Na literatura, você pode encontrar vários números que caracterizam a participação do capital estrangeiro na economia russa antes da revolução. Alguns dizem que essa participação em alguns setores era, dizem eles, não tão alta, mas se esquecem das peculiaridades das estatísticas russas e da economia russa da época. Os bancos russos eram os principais acionistas em muitas indústrias, esse era o modelo clássico de capitalismo financeiro. E os bancos eram "russos" puramente formalmente, apenas do ponto de vista jurídico. Em termos de capital, eram bancos estrangeiros. Na Rússia, no início do século 20, havia apenas um banco puramente nacional (em termos de capital) no grupo dos grandes bancos - Volgo-Kamsky. A economia da Rússia pertencia principalmente ao capital estrangeiro, as alavancas de controle do império foram gradualmente transferidas para os reis ocidentais da bolsa de valores e os usurários.

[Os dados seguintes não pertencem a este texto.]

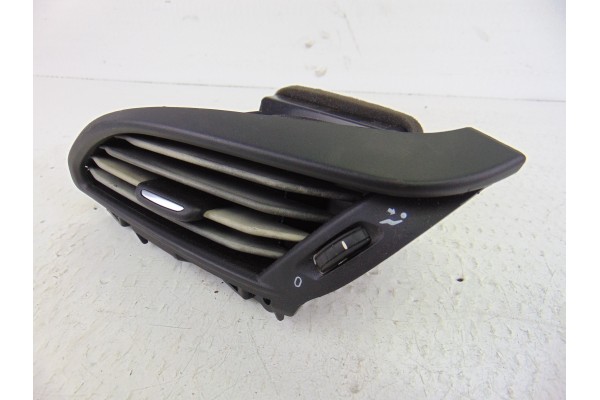 DERECHA  REJILLA AIREADORA FIAT II TIPO (357) HATCHBACK Business 2017 DERECHA 197446 FIAT - 4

Outro resultado da reforma de Witte foi um forte aumento da dívida externa do país. O tesouro teve que repor a reserva de ouro, que estava derretendo como resultado da deterioração do comércio e da balança de pagamentos do país. A última deterioração catastrófica foi causada pela Guerra Russo-Japonesa de 1904-1905. e a revolução subsequente de 1905-1907. Gostaria de observar que Witte conseguiu impor um “colar de ouro” muito duro à Rússia. Se na Europa alguns países cobriram sua emissão de papel-moeda com reservas de ouro em apenas 25-40%, então na Rússia a cobertura estava perto de 100%. A Rússia, é claro, tinha uma fonte de reabastecimento na forma de sua própria mineração de ouro em Transbaikalia e no Extremo Oriente (até 40 toneladas no início do século 20). Witte criou seu próprio sistema de controle da produção do Extremo Oriente, mas é interessante que, ao mesmo tempo, uma parte significativa dele na forma de contrabando foi para a China e depois para Hong Kong e Londres. Como resultado, os empréstimos de ouro dos Rothschild tornaram-se a principal forma de reabastecer as reservas de ouro da Rússia. Às vésperas da Primeira Guerra Mundial, o Império Russo ocupava o quinto ou sexto lugar no mundo em termos de muitos tipos de produtos industriais e agrícolas, mas em termos de montante da dívida externa, compartilhava a primeira ou segunda linha do mundo classificação de devedores com os Estados Unidos. Apenas os Estados Unidos tinham uma dívida externa predominantemente privada, enquanto a Rússia tinha uma dívida predominantemente estatal ou soberana. Em meados de 1914, essa dívida da Rússia atingiu 8,5 bilhões de rublos de ouro. O país estava sob o controle estrito dos usurários do mundo e corria o risco de finalmente perder sua soberania. E tudo isso graças ao esforço de Witte. Embora ele tenha deixado o cargo de ministro das finanças em 1903, o mecanismo para destruir a Rússia foi colocado em ação. É por isso que essa figura pode ser chamada com segurança de um prenúncio da revolução de 1917.
E não é por acaso que um dos primeiros decretos da Rússia Soviética foi a rejeição das dívidas do pré-guerra e da guerra (no início de 1918, seu montante já havia chegado a 18 bilhões de rublos de ouro).